Monday, 28 June 2010

Holland v Slovakia

Holland 2 Robben 18, Sjneider 84
Slovakia 1 Vittek (pen) 90 + 4

The B list countries are all going home now. They shine, they sparkle, they put out Italy or France, in England's case they don't do any of those things, but as we head towards the quarter finals the big fish are taking over.

It's like a feeding frenzy, taken to its logical conclusion. During qualifying there are plenty of fish in the sea, and everyone contents themselves with the small fry. By the tournament itself the Balkan bait ball is mostly gone, and the smaller hunters become the hunted. Once they get out of the group stage it's bye bye to halibut, herring, and English carp, and before we know it the real sharks are on their own, thrashing around and gorging on each other until one monstrous hammerhead emerges triumphant from the debris of scale and crunched bones.

You get the idea. Not that Holland will be describing themselves as one of the really big fish. After all, it's not like they've ever won it, or anything.

The golden generation (a phrase so cheapened by its application to the current England squad that it's hard to use it without spitting) took them to two finals, in 1974 and 1978, but they lost to Germany, then Argentina. Since then we've had the traditional flashes of greatness (one thinks immediately of the Bergkamp goal against Argentina in 1998), but they always seem to burn brightly, then burn out.

This year, they're taking a different tack. No more 6-1 demolition jobs, like the one they inflicted on Yugoslavia in Euro 2000. They were hosting the tournament, and they preened and strutted to a semifinal defeat by Italy that seemed impossible.
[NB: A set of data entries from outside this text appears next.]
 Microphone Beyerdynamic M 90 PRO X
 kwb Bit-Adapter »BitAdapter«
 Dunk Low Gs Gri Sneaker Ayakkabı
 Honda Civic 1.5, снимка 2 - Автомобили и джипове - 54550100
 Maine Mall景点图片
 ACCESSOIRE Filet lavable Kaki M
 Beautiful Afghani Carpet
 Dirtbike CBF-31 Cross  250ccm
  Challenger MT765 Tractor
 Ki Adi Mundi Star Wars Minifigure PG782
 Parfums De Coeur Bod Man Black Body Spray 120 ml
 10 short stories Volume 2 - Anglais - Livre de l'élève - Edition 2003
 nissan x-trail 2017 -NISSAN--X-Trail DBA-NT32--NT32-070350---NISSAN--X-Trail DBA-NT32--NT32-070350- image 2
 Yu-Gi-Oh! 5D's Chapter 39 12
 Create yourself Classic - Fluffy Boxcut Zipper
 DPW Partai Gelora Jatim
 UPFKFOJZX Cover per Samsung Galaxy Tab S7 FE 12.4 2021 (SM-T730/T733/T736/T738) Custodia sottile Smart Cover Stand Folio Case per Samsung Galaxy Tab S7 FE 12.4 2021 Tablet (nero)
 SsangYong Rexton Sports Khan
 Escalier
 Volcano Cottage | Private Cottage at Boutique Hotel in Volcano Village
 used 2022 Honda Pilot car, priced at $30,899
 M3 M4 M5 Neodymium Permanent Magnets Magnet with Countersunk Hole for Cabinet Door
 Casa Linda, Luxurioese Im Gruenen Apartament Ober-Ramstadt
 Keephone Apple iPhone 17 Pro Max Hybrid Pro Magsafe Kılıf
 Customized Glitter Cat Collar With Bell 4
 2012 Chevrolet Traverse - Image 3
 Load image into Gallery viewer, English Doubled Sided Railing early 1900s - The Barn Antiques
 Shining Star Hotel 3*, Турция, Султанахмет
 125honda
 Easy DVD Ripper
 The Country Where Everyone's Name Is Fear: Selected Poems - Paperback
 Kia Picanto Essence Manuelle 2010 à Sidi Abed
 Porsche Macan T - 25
This time the preening and the strutting have been left to lesser teams. They've beaten Denmark, Japan, Cameroon and now Slovakia, scored seven goals to two conceded, yet they seem to have ghosted through the tournament.

We're seeing a new, efficient Holland, without the flamboyancy, haircuts or public spats of yesteryear. I like what I'm seeing. Mind you, they've got Brazil next.

The big news for them is that Arjen Robben is back. He played in the Champions League final for Bayern, but hurt himself in a friendly against Hungary a week before the tournament began. They've done fine without him, but they were glad of his goal today. The way he cut inside from the right and put the ball precisely through the minute gap between converging defenders' legs will have brought back happy memories from the days before gold was devalued. Three Lions? Sealions more like. Yes I'm still angry. It's still only the day after the Grim Day, you know. Not Better Yet Day, we call it, and cursed be those who fail to understand.

Yes, let's get back to Holland. The Slovakian goalkeeper Mucha gave them the second, running out to get a ball he was never going to reach. Kuyt headed over him and passed it back to Sjneider, who shot into an empty net. It was a shame for Mucha, who'd had a good game and a good tournament, but that's feeding frenzies for you, no respecters of effort.

The laws of sporting selection relented long enough to allow Slovakia a nice little bonus at the end, as they won a penalty with the last move of the match. Vittek scored, to move to four goals for the tournament. The final whistle blew while they were celebrating. It was how they'd have wanted to go.

The four days since the Italy game were a nice little interlude for them, before normal service was resumed. They didn't entertain against Paraguay or New Zealand, but they've made up for it since. Holland have Brazil, and the winner just has to beat Uruguay or Ghana to get to the final, so it would be a reckless punter who put their money anywhere else, if you ask me.